• [PROBLEM]
With the images removed, return every line below exactly as it reads.

• [DATA BELOW]
Start of Block

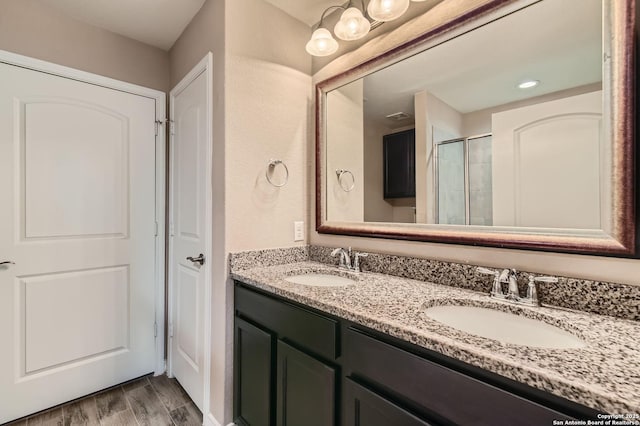 3354 Blossom Row, San Antonio, TX 78253 - bathroom with double vanity, wood finished floors, and a shower with door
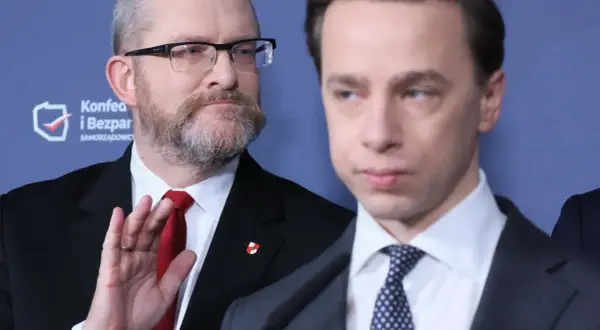 Dwóch mężczyzn w garniturach, jeden z brodą i okularami, drugi z wyrazem twarzy.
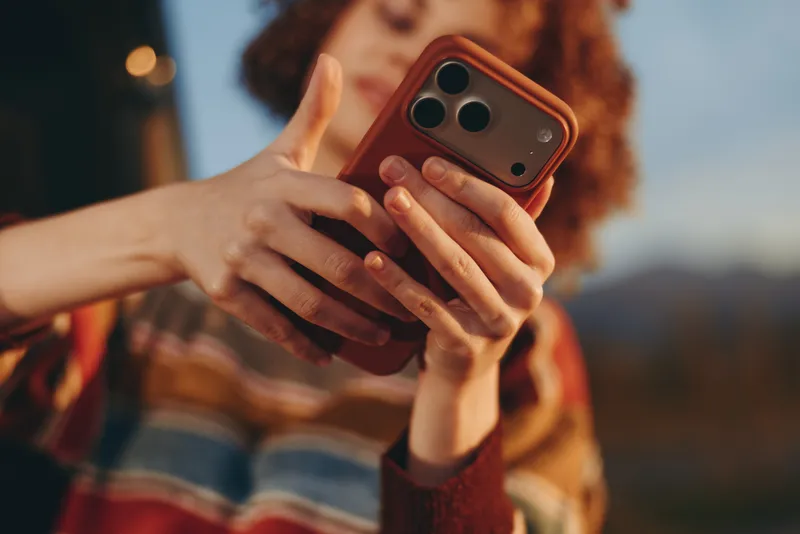 Woman with curly hair holds a smartphone in both hands outdoors. Close focus shows phone and fingers, with blurred background. Lifestyle communication moment, soft daylight, casual joy.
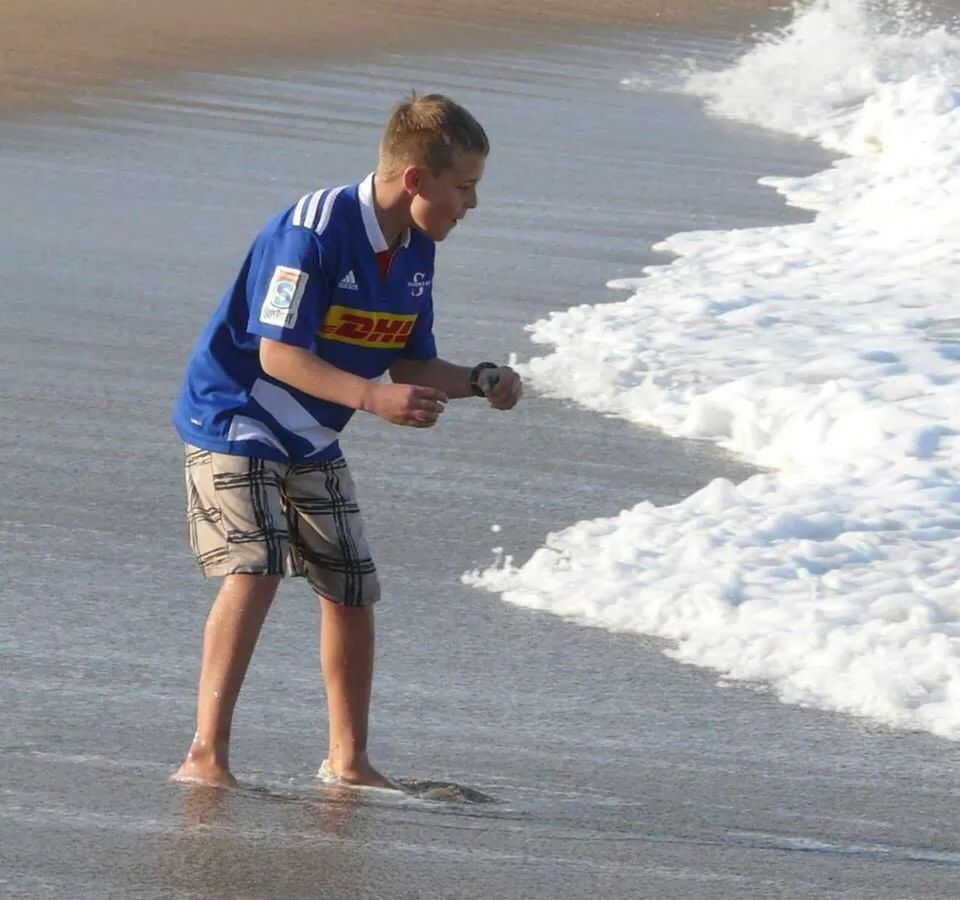 lifestyles, full length, leisure activity, water, casual clothing, sea, standing, beach, childhood, person, boys, vacations, day, elementary age, young men, motion, shore, fun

End of Block

• [ANSWER FOR THIS EXERCISE]
 3354 Blossom Row, San Antonio, TX 78253 - bathroom with double vanity, wood finished floors, and a shower with door
 Dwóch mężczyzn w garniturach, jeden z brodą i okularami, drugi z wyrazem twarzy.
 Woman with curly hair holds a smartphone in both hands outdoors. Close focus shows phone and fingers, with blurred background. Lifestyle communication moment, soft daylight, casual joy.
 lifestyles, full length, leisure activity, water, casual clothing, sea, standing, beach, childhood, person, boys, vacations, day, elementary age, young men, motion, shore, fun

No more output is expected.